-- Opening Marker --

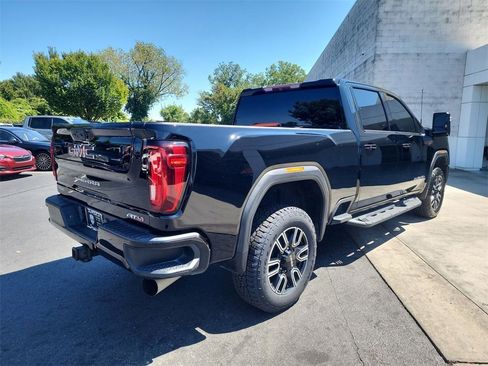 Certified 2022 GMC Sierra 2500 AT4 w/ Gooseneck/5TH Wheel Package image 9
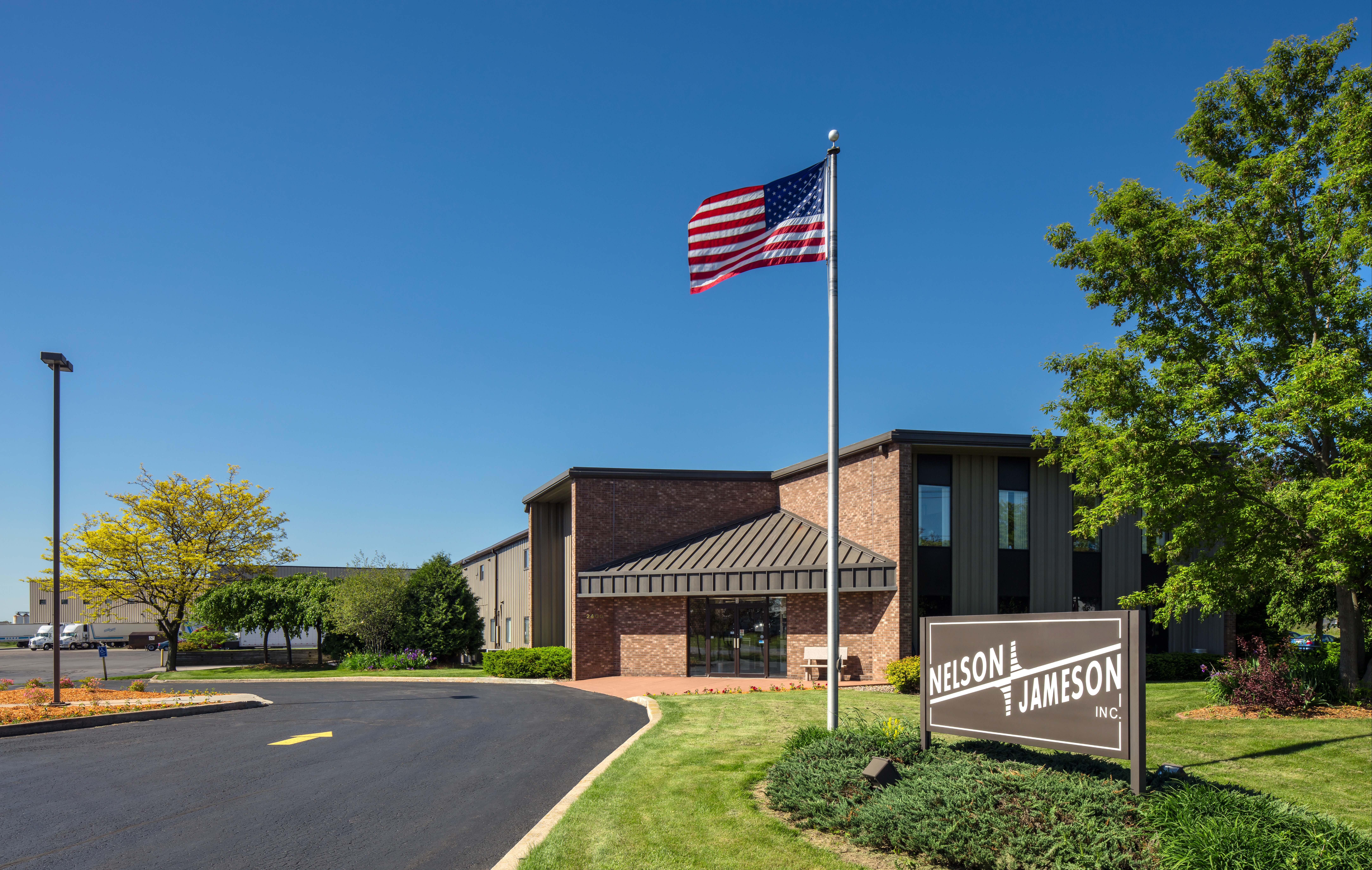 Marshfield-Wisconsin-distibution-center-exterior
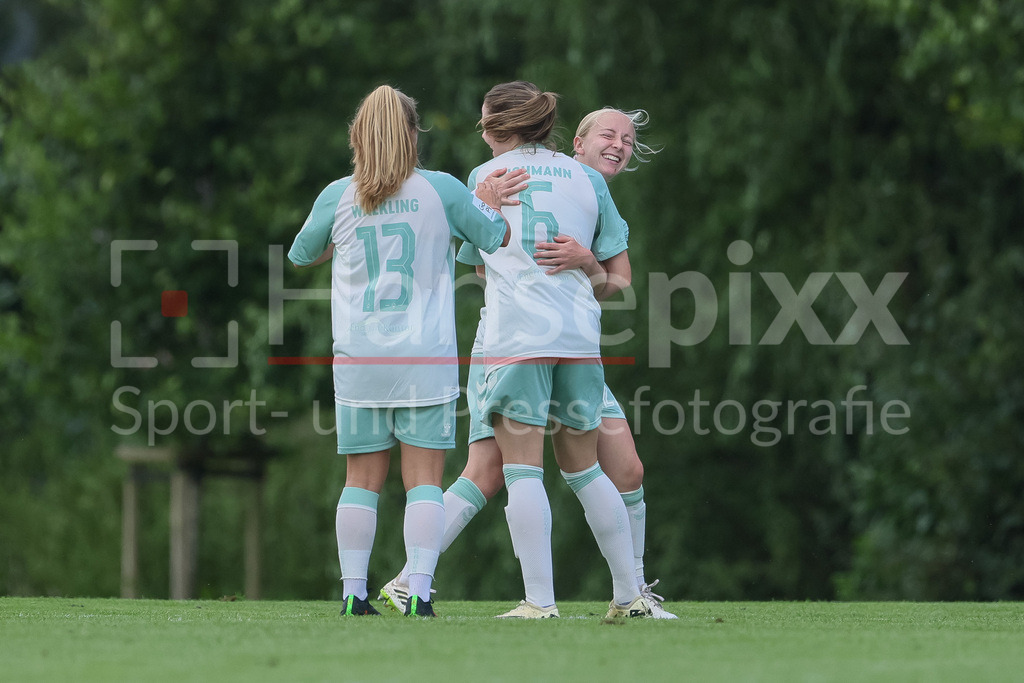 Fussball, Testspiel Frauen, Hamburger SV - SV Werder Bremen | v.li.: Spielerinnen des SV Werder Bremen  mit Torjubel, Jubel, jubeln, jubelt, optimistisch, Spielszene, Highlight, Freude über das Tor zum 0:1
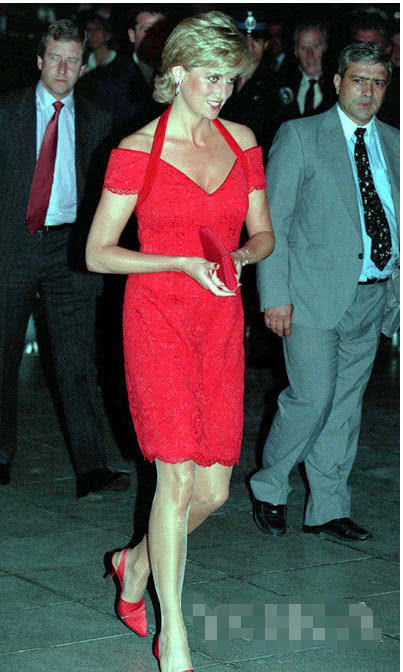 黛安娜王妃最爱的这几套晚礼服，查尔斯王子却最讨厌，只因为裙子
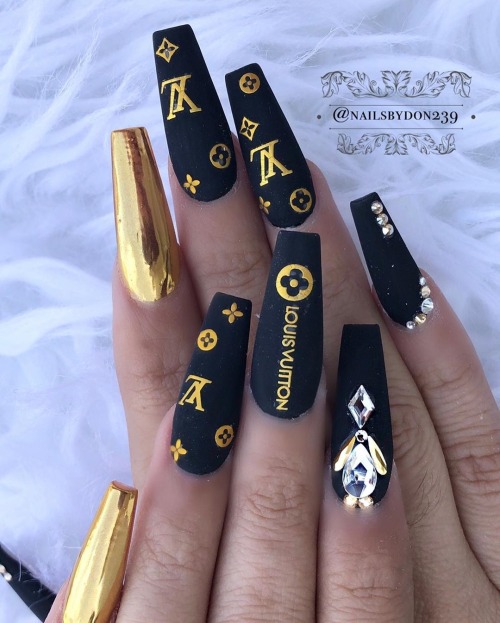 lv nail design ideas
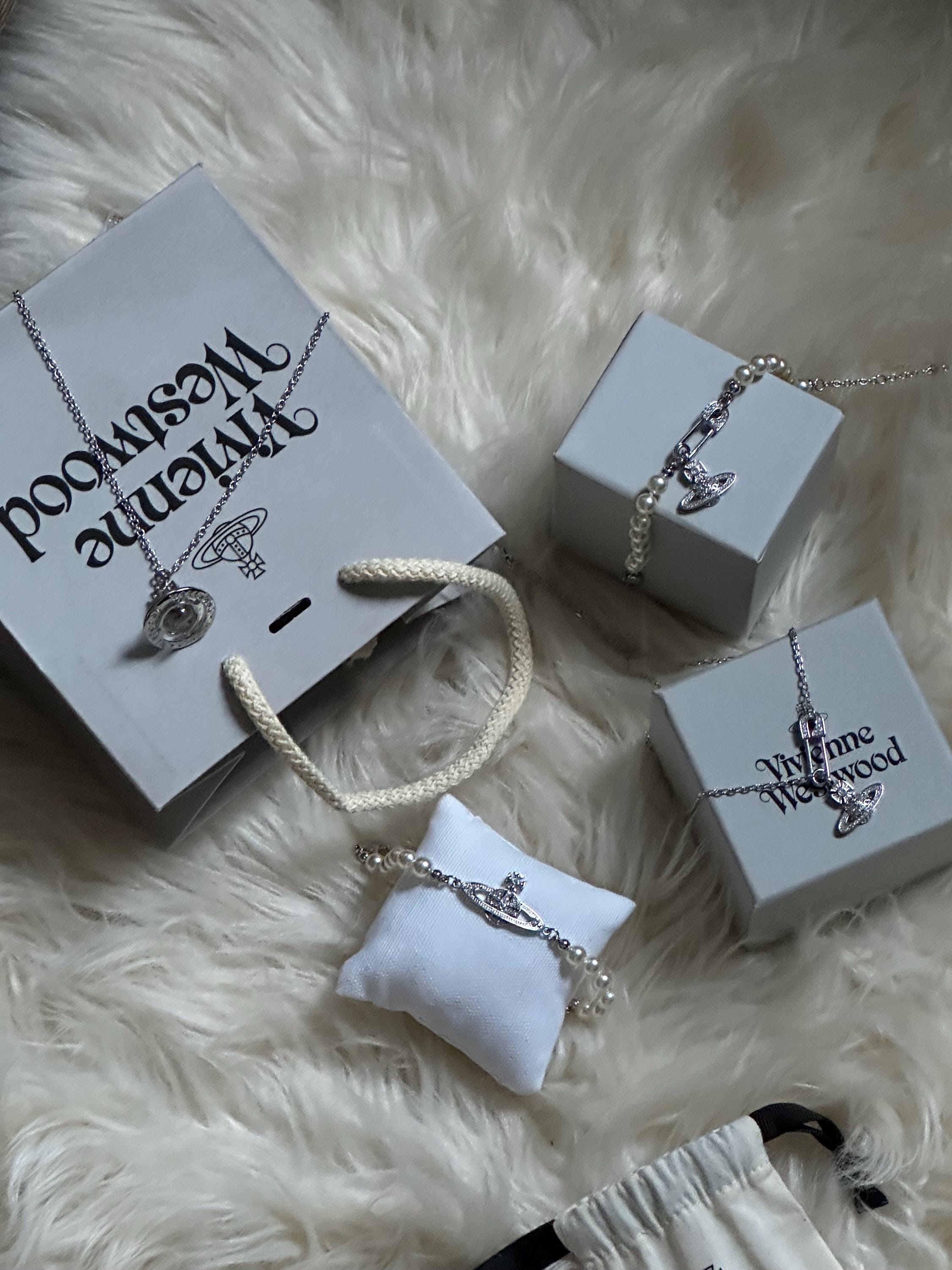 Vivienne Westwood Women's Mini Bas Relief Pearl Bracelet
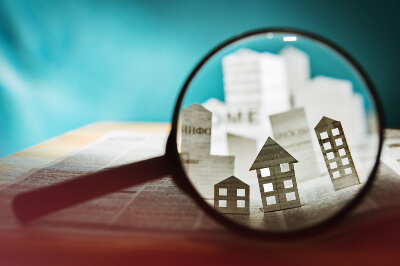 Immobilien aus Papier unter der Lupe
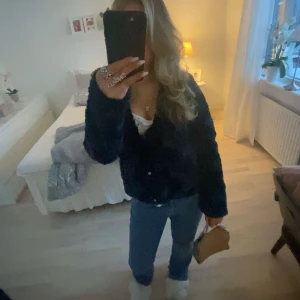 Höst / vår päls  - Ursnygg Pälsjacka 💕 Den är i toppenskick och har inga deffekter. Passar även perfekt nu till hösten! Hör av er vid minsta lilla💕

-- Closing Marker --

Task prompt:
Exactly the lines from the one with "Fussball, Testspiel Frauen, Hamburger" through the end of the listing above are to be repeated, with no pictures.

Exercise answer:
 Fussball, Testspiel Frauen, Hamburger SV - SV Werder Bremen | v.li.: Spielerinnen des SV Werder Bremen  mit Torjubel, Jubel, jubeln, jubelt, optimistisch, Spielszene, Highlight, Freude über das Tor zum 0:1
 黛安娜王妃最爱的这几套晚礼服，查尔斯王子却最讨厌，只因为裙子
 lv nail design ideas
 Vivienne Westwood Women's Mini Bas Relief Pearl Bracelet
 Immobilien aus Papier unter der Lupe
 Höst / vår päls  - Ursnygg Pälsjacka 💕 Den är i toppenskick och har inga deffekter. Passar även perfekt nu till hösten! Hör av er vid minsta lilla💕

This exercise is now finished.